_Stored items_.
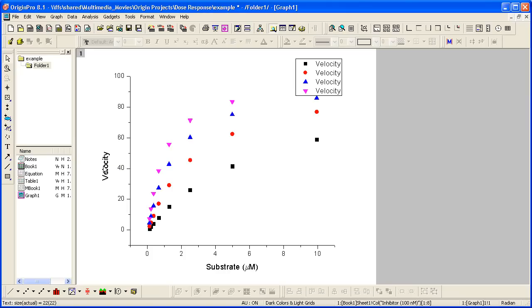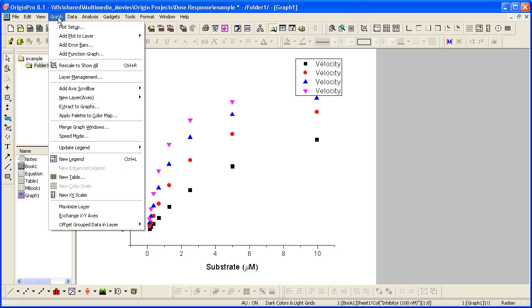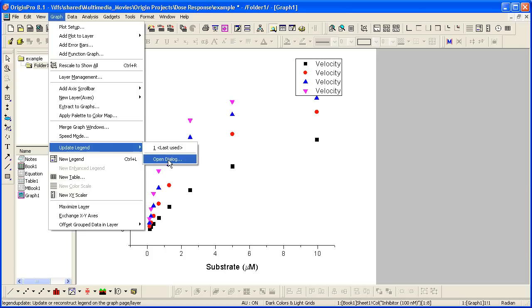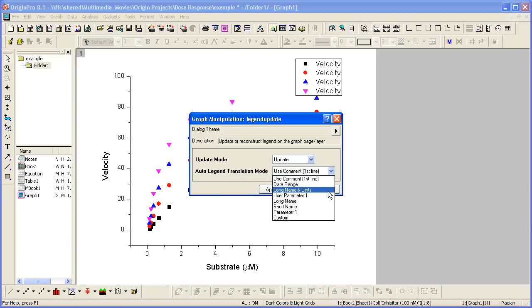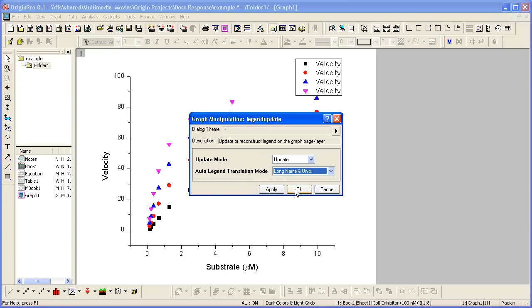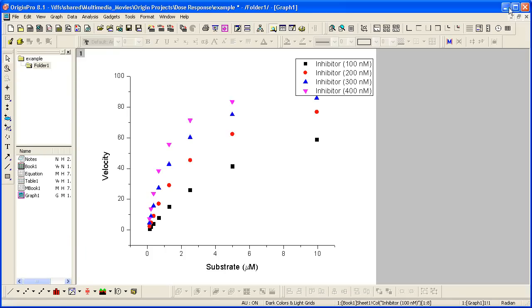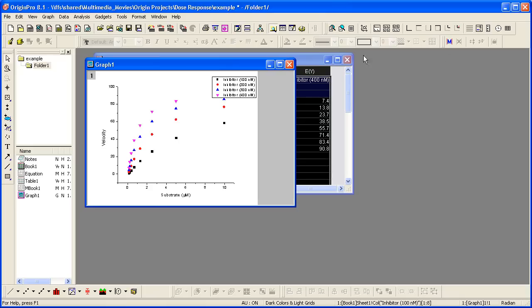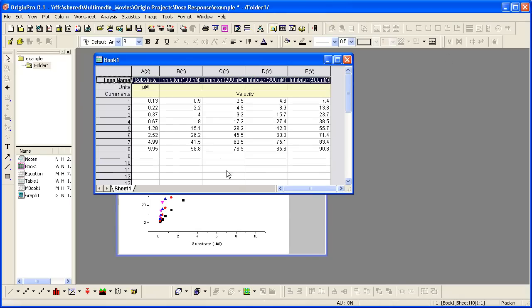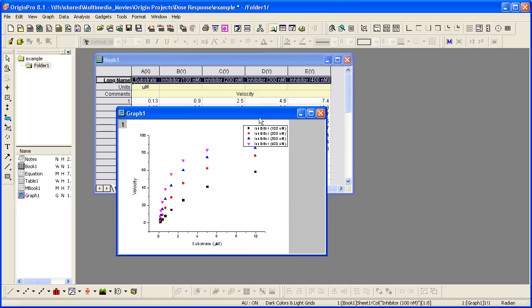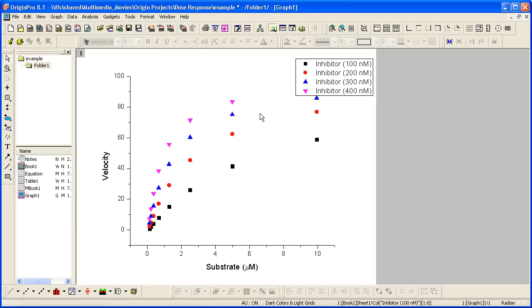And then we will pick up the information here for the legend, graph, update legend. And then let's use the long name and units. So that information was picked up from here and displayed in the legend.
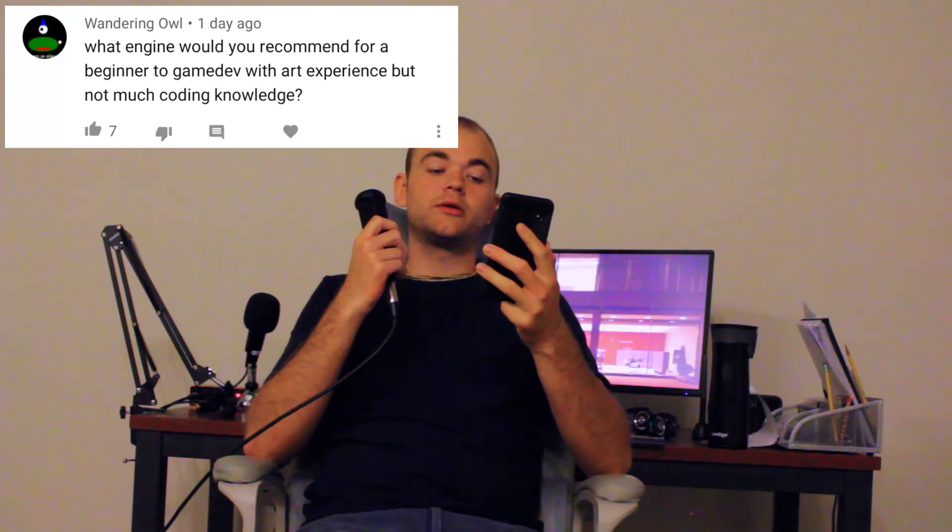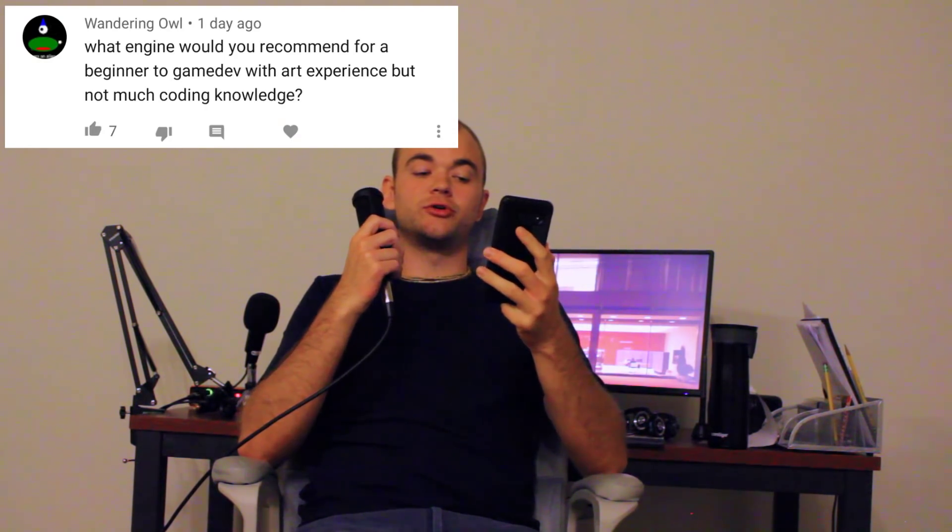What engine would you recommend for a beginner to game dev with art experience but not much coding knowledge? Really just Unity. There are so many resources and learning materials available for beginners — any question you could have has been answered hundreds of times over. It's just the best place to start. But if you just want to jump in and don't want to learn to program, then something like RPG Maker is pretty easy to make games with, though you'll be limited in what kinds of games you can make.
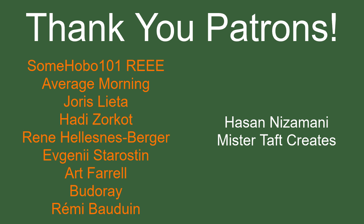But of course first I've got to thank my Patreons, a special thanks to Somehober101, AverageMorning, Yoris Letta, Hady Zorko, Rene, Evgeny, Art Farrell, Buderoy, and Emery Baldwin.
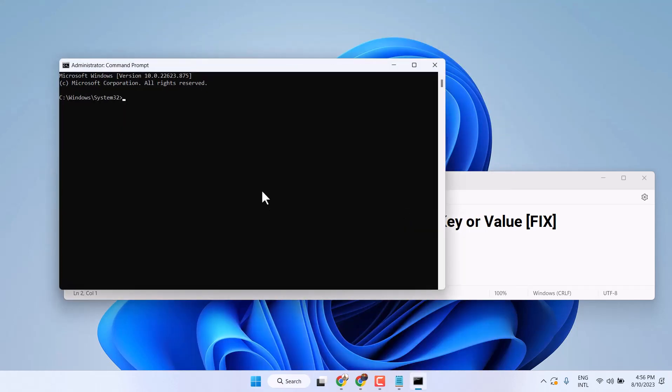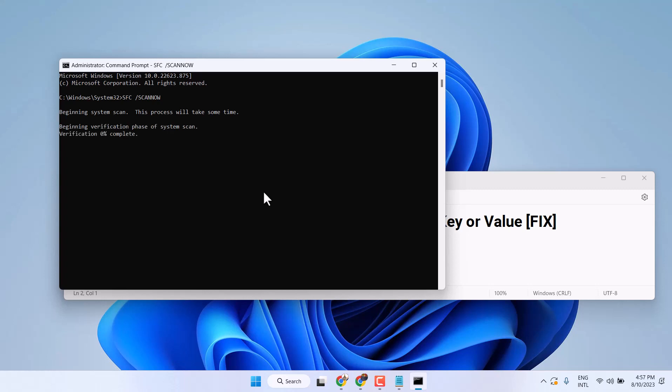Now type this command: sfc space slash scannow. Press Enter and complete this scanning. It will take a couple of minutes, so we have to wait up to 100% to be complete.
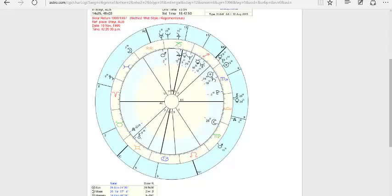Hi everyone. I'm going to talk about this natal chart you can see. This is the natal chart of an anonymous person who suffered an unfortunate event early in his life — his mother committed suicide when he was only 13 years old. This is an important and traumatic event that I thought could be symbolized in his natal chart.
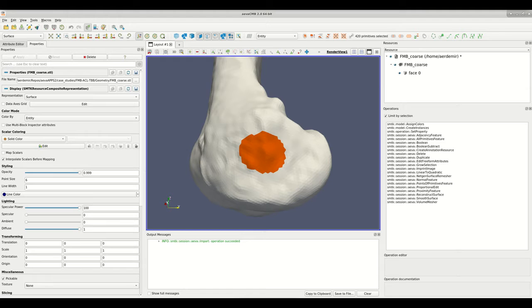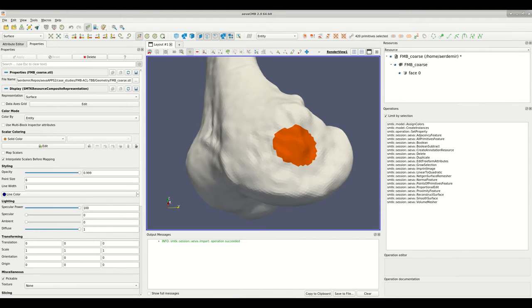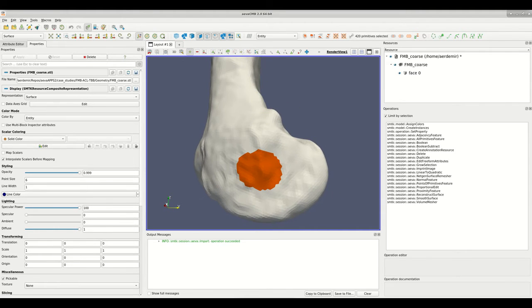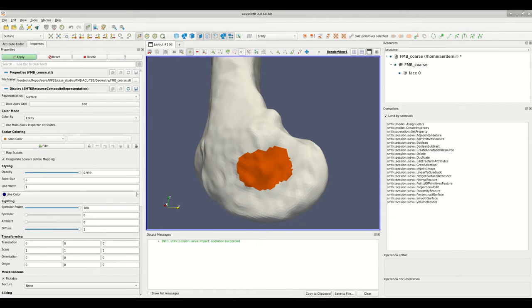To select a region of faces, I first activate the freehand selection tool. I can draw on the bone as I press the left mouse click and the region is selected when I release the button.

_Your objective_. The entries above, every one of them, should be retyped exactly, with no pictures carried over.

_Result of the exercise_.
And then we will pick up the information here for the legend, graph, update legend. And then let's use the long name and units. So that information was picked up from here and displayed in the legend.
What engine would you recommend for a beginner to game dev with art experience but not much coding knowledge? Really just Unity. There are so many resources and learning materials available for beginners — any question you could have has been answered hundreds of times over. It's just the best place to start. But if you just want to jump in and don't want to learn to program, then something like RPG Maker is pretty easy to make games with, though you'll be limited in what kinds of games you can make.
But of course first I've got to thank my Patreons, a special thanks to Somehober101, AverageMorning, Yoris Letta, Hady Zorko, Rene, Evgeny, Art Farrell, Buderoy, and Emery Baldwin.
Now type this command: sfc space slash scannow. Press Enter and complete this scanning. It will take a couple of minutes, so we have to wait up to 100% to be complete.
Hi everyone. I'm going to talk about this natal chart you can see. This is the natal chart of an anonymous person who suffered an unfortunate event early in his life — his mother committed suicide when he was only 13 years old. This is an important and traumatic event that I thought could be symbolized in his natal chart.
To select a region of faces, I first activate the freehand selection tool. I can draw on the bone as I press the left mouse click and the region is selected when I release the button.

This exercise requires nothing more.